> [Dataset]:
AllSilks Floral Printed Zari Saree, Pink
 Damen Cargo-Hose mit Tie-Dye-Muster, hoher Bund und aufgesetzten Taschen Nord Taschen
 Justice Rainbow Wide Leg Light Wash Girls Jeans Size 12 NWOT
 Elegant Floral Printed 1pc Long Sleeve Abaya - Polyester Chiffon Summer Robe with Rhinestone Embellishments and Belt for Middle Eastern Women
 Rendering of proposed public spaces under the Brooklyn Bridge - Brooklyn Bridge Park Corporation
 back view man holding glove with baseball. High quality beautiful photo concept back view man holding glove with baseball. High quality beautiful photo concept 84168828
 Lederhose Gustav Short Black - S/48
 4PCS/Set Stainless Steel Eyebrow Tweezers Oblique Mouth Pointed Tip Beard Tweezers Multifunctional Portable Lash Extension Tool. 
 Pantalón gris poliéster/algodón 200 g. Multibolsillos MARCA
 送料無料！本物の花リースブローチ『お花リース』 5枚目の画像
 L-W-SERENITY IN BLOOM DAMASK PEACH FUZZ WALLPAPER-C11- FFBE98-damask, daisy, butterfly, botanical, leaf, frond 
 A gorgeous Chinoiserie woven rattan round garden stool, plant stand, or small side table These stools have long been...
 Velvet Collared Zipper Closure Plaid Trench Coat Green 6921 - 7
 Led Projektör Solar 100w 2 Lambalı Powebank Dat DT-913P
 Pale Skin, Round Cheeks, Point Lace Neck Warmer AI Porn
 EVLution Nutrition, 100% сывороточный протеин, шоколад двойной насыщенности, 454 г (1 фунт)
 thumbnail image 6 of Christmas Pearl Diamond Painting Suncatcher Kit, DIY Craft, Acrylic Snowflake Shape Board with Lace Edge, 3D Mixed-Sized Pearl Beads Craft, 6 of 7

> [Assignment]: In the listing above, the lines from the one containing "photo concept 84168828" through the one containing "L-W-SERENITY IN BLOOM" must be set down exactly, with no other lines.

> [Response below]:
 back view man holding glove with baseball. High quality beautiful photo concept back view man holding glove with baseball. High quality beautiful photo concept 84168828
 Lederhose Gustav Short Black - S/48
 4PCS/Set Stainless Steel Eyebrow Tweezers Oblique Mouth Pointed Tip Beard Tweezers Multifunctional Portable Lash Extension Tool. 
 Pantalón gris poliéster/algodón 200 g. Multibolsillos MARCA
 送料無料！本物の花リースブローチ『お花リース』 5枚目の画像
 L-W-SERENITY IN BLOOM DAMASK PEACH FUZZ WALLPAPER-C11- FFBE98-damask, daisy, butterfly, botanical, leaf, frond 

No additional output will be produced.